» TASK REQUIREMENTS: Only certain lines below are wanted: those starting at the line containing "spiaggia mare isola d'Elba bosco" and ending at the line containing "Apartamento T2 para", both included, each retyped exactly.

» ENTRIES PROVIDED:

=== Section Start ===

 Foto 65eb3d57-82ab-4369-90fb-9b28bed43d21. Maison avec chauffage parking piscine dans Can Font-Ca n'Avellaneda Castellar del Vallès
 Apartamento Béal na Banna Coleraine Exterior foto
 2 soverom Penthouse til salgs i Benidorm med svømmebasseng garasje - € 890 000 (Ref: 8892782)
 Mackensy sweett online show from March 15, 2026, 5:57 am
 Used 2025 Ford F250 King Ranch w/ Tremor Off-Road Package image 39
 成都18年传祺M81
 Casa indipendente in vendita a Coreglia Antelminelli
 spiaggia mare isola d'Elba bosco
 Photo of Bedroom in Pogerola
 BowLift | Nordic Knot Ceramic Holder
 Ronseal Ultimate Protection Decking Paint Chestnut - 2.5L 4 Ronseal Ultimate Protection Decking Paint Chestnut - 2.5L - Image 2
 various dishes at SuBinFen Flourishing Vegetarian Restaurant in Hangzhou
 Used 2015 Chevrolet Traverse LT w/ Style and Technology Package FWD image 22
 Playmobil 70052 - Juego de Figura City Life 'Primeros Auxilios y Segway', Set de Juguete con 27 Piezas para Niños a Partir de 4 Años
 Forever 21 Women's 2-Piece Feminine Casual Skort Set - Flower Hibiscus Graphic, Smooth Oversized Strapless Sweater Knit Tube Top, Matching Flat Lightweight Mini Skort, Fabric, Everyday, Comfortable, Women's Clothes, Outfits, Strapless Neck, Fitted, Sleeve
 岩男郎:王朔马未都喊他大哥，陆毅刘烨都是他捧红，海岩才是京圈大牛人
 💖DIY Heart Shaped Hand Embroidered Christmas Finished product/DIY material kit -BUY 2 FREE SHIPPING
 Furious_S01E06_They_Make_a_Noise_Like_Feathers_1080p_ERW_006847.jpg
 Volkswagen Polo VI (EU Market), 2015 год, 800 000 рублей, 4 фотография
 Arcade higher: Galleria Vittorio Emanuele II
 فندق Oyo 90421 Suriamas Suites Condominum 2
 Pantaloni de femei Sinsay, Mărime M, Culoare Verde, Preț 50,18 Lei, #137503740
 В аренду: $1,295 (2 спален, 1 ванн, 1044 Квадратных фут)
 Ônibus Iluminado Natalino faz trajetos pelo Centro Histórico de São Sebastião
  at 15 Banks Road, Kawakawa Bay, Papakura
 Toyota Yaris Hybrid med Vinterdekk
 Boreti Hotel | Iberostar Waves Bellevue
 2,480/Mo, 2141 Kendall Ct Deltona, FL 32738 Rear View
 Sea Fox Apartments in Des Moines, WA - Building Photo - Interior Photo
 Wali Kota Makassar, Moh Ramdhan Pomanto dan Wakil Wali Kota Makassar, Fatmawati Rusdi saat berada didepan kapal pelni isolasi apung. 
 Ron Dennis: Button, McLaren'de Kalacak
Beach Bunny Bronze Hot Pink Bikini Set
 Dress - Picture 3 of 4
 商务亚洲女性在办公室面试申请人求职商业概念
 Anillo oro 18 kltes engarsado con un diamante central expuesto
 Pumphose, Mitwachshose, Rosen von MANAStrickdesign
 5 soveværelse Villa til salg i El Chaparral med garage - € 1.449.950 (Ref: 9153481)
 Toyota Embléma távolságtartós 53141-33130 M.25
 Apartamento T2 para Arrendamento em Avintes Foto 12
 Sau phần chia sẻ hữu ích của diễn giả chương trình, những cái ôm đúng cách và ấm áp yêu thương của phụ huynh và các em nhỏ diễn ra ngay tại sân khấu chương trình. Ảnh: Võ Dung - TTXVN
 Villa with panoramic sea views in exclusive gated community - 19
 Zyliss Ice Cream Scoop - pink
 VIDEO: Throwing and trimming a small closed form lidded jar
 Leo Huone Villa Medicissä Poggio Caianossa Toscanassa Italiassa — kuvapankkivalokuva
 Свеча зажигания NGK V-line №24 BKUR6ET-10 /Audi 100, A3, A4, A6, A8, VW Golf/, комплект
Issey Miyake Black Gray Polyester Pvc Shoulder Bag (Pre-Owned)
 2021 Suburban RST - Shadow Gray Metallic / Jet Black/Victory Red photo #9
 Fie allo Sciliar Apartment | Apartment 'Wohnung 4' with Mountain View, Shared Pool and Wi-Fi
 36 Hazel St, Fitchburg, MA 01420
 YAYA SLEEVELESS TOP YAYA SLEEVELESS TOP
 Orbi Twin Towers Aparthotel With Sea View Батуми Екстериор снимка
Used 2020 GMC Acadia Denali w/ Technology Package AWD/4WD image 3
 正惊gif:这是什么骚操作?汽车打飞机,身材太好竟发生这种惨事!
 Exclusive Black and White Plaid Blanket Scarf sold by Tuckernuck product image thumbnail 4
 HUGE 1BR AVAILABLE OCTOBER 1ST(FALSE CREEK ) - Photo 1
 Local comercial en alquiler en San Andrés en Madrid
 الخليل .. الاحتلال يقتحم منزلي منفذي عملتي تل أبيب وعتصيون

=== Section End ===

» OUTPUT OF THE TASK:
 spiaggia mare isola d'Elba bosco
 Photo of Bedroom in Pogerola
 BowLift | Nordic Knot Ceramic Holder
 Ronseal Ultimate Protection Decking Paint Chestnut - 2.5L 4 Ronseal Ultimate Protection Decking Paint Chestnut - 2.5L - Image 2
 various dishes at SuBinFen Flourishing Vegetarian Restaurant in Hangzhou
 Used 2015 Chevrolet Traverse LT w/ Style and Technology Package FWD image 22
 Playmobil 70052 - Juego de Figura City Life 'Primeros Auxilios y Segway', Set de Juguete con 27 Piezas para Niños a Partir de 4 Años
 Forever 21 Women's 2-Piece Feminine Casual Skort Set - Flower Hibiscus Graphic, Smooth Oversized Strapless Sweater Knit Tube Top, Matching Flat Lightweight Mini Skort, Fabric, Everyday, Comfortable, Women's Clothes, Outfits, Strapless Neck, Fitted, Sleeve
 岩男郎:王朔马未都喊他大哥，陆毅刘烨都是他捧红，海岩才是京圈大牛人
 💖DIY Heart Shaped Hand Embroidered Christmas Finished product/DIY material kit -BUY 2 FREE SHIPPING
 Furious_S01E06_They_Make_a_Noise_Like_Feathers_1080p_ERW_006847.jpg
 Volkswagen Polo VI (EU Market), 2015 год, 800 000 рублей, 4 фотография
 Arcade higher: Galleria Vittorio Emanuele II
 فندق Oyo 90421 Suriamas Suites Condominum 2
 Pantaloni de femei Sinsay, Mărime M, Culoare Verde, Preț 50,18 Lei, #137503740
 В аренду: $1,295 (2 спален, 1 ванн, 1044 Квадратных фут)
 Ônibus Iluminado Natalino faz trajetos pelo Centro Histórico de São Sebastião
  at 15 Banks Road, Kawakawa Bay, Papakura
 Toyota Yaris Hybrid med Vinterdekk
 Boreti Hotel | Iberostar Waves Bellevue
 2,480/Mo, 2141 Kendall Ct Deltona, FL 32738 Rear View
 Sea Fox Apartments in Des Moines, WA - Building Photo - Interior Photo
 Wali Kota Makassar, Moh Ramdhan Pomanto dan Wakil Wali Kota Makassar, Fatmawati Rusdi saat berada didepan kapal pelni isolasi apung. 
 Ron Dennis: Button, McLaren'de Kalacak
Beach Bunny Bronze Hot Pink Bikini Set
 Dress - Picture 3 of 4
 商务亚洲女性在办公室面试申请人求职商业概念
 Anillo oro 18 kltes engarsado con un diamante central expuesto
 Pumphose, Mitwachshose, Rosen von MANAStrickdesign
 5 soveværelse Villa til salg i El Chaparral med garage - € 1.449.950 (Ref: 9153481)
 Toyota Embléma távolságtartós 53141-33130 M.25
 Apartamento T2 para Arrendamento em Avintes Foto 12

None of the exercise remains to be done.